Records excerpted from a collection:
|---|

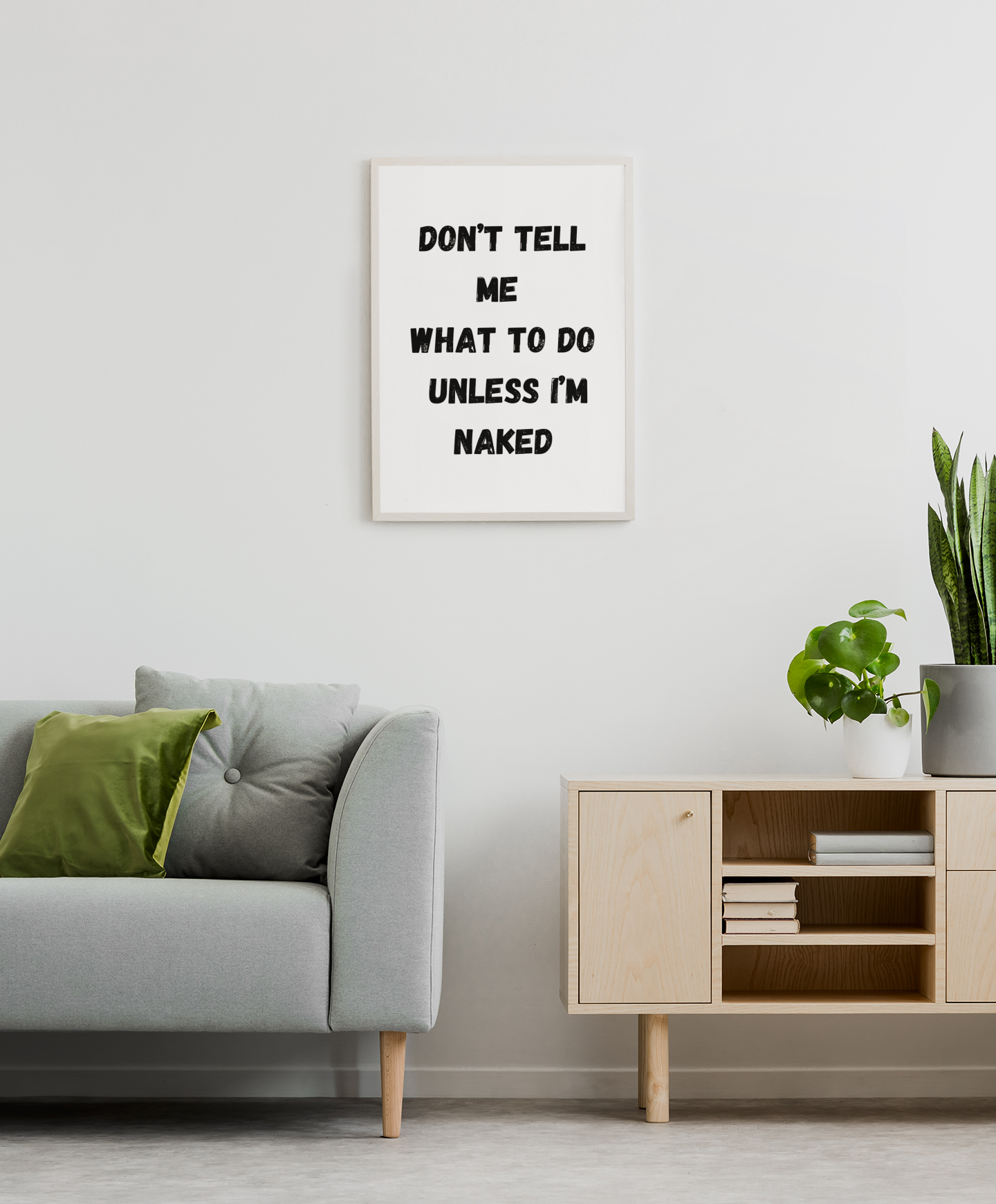 Don't Tell Me What To Do | Wooden Framed Poster | Black and White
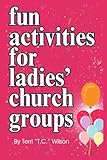 Fun Activities For Ladies' Church Groups: Women's Ministry Activities that are BLAST!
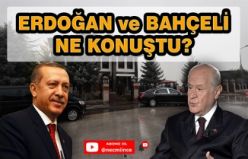 Erdoğan ve Bahçeli Ne Konuştu?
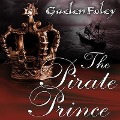Cover-Bild zum Titel 'The Pirate Prince' von 'Gaelen Foley'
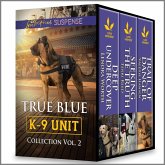 True Blue K-9 Unit Collection Vol 2 (eBook, ePUB)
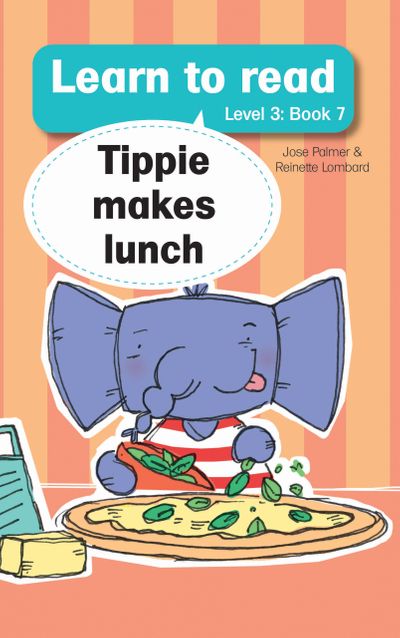 Learn to read with Tippie the Elephant Level 3 Book 7 Tippie makes lunch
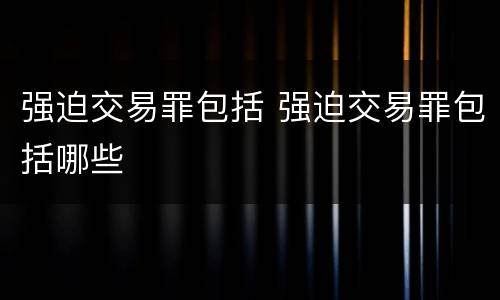 强迫交易罪包括 强迫交易罪包括哪些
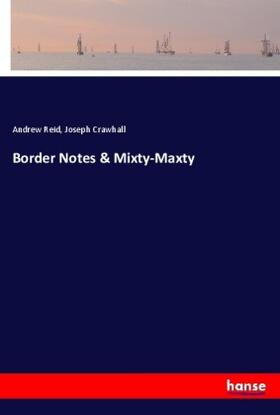 Reid / Crawhall |  Border Notes & Mixty-Maxty | Buch |  Sack Fachmedien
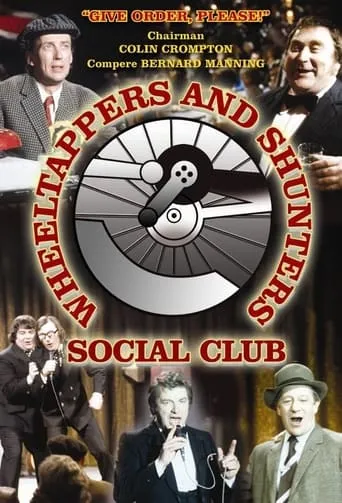 The Wheeltappers and Shunters Social Club TV series poster - Rated 5.3/10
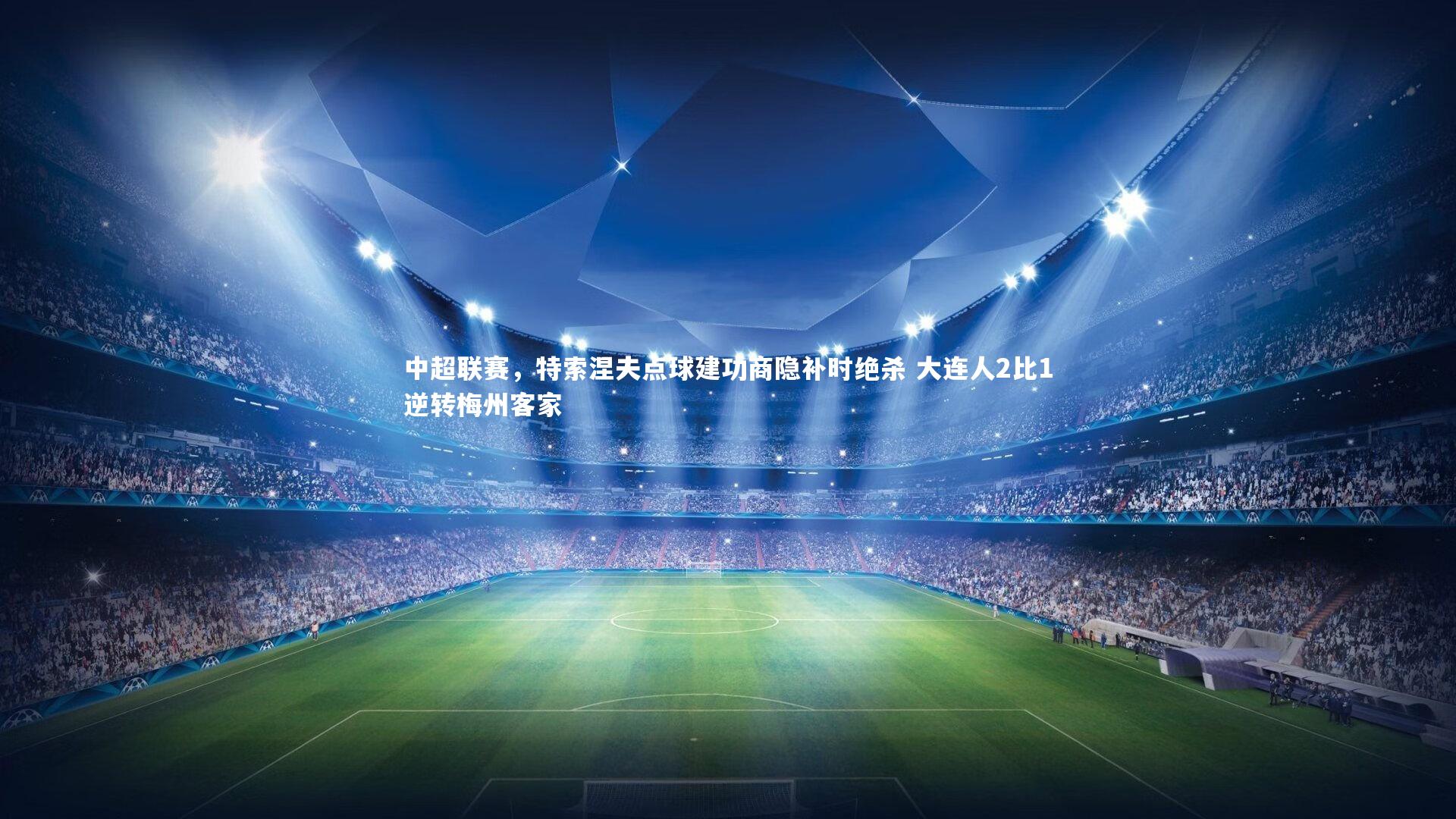 开云体育平台_中超联赛，特索涅夫点球建功商隐补时绝杀 大连人2比1逆转梅州客家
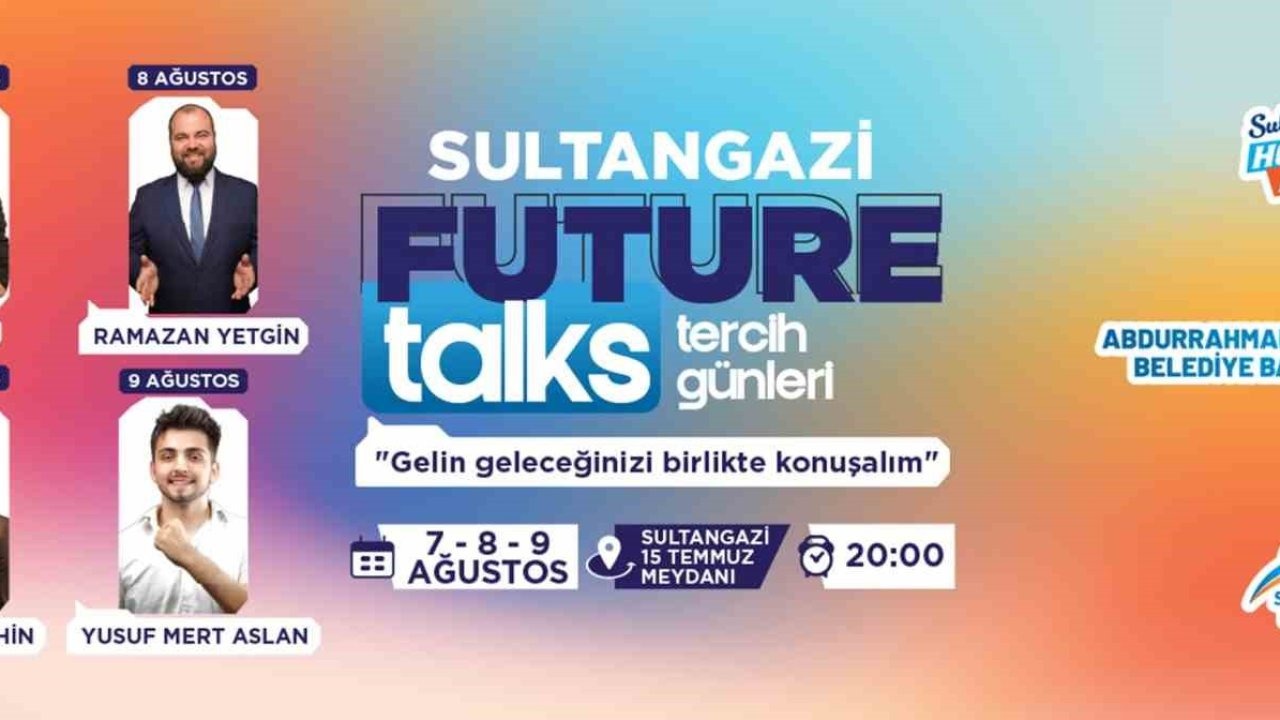 Sultangazi Future Talk Tercih Günleri başlıyor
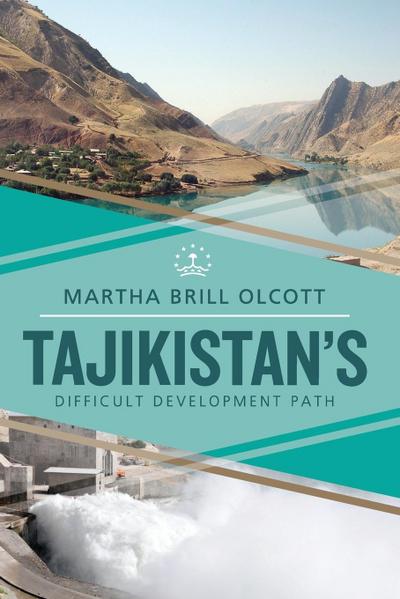 Tajikistan’s Difficult Development Path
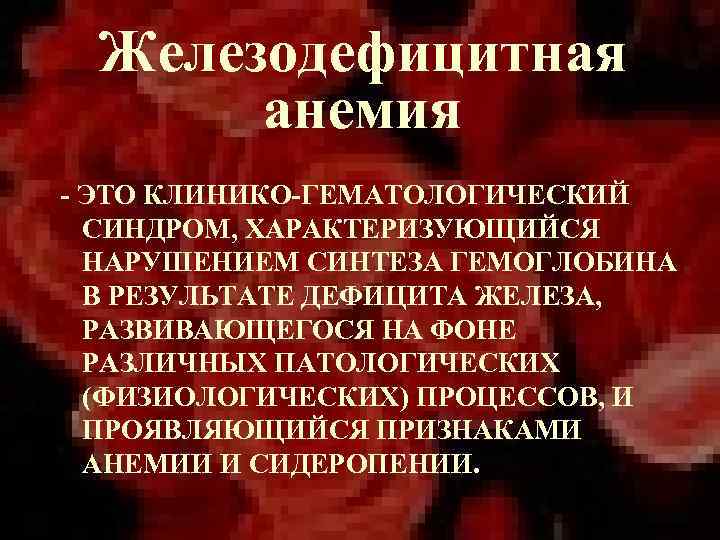 Железодефицитная анемия - ЭТО КЛИНИКО-ГЕМАТОЛОГИЧЕСКИЙ СИНДРОМ, ХАРАКТЕРИЗУЮЩИЙСЯ НАРУШЕНИЕМ СИНТЕЗА ГЕМОГЛОБИНА В РЕЗУЛЬТАТЕ ДЕФИЦИТА ЖЕЛЕЗА,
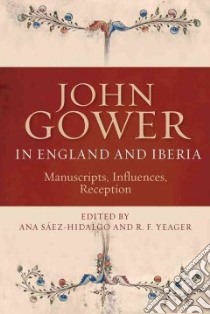 John Gower in England and Iberia libro in lingua di Sáez-hidalgo Ana (EDT), Yeager R. F. (EDT)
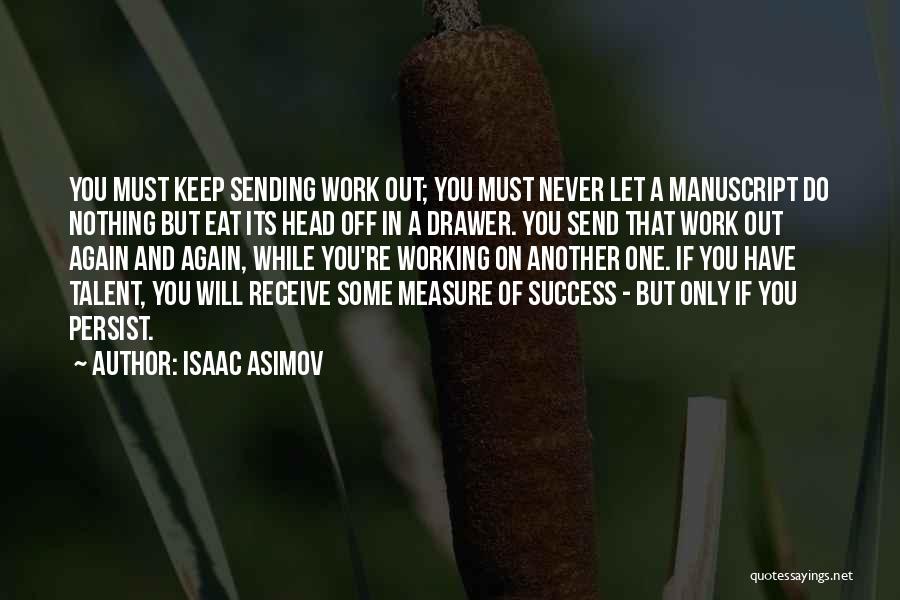Send Off Work Quotes By Isaac Asimov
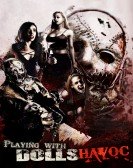 Playing with Dolls: Havoc (2017) Free Download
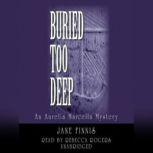Buried Too Deep An Aurelia Marcella Mystery, Jane Finnis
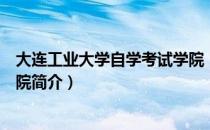 大连工业大学自学考试学院（关于大连工业大学自学考试学院简介）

|---|

_WORK TASK_:
Print exactly the lines above that run from the one with "Fun Activities For" down to the one with "True Blue K-9", and omit the pictures.

_SOLUTION_:
 Fun Activities For Ladies' Church Groups: Women's Ministry Activities that are BLAST!
 Erdoğan ve Bahçeli Ne Konuştu?
Cover-Bild zum Titel 'The Pirate Prince' von 'Gaelen Foley'
 True Blue K-9 Unit Collection Vol 2 (eBook, ePUB)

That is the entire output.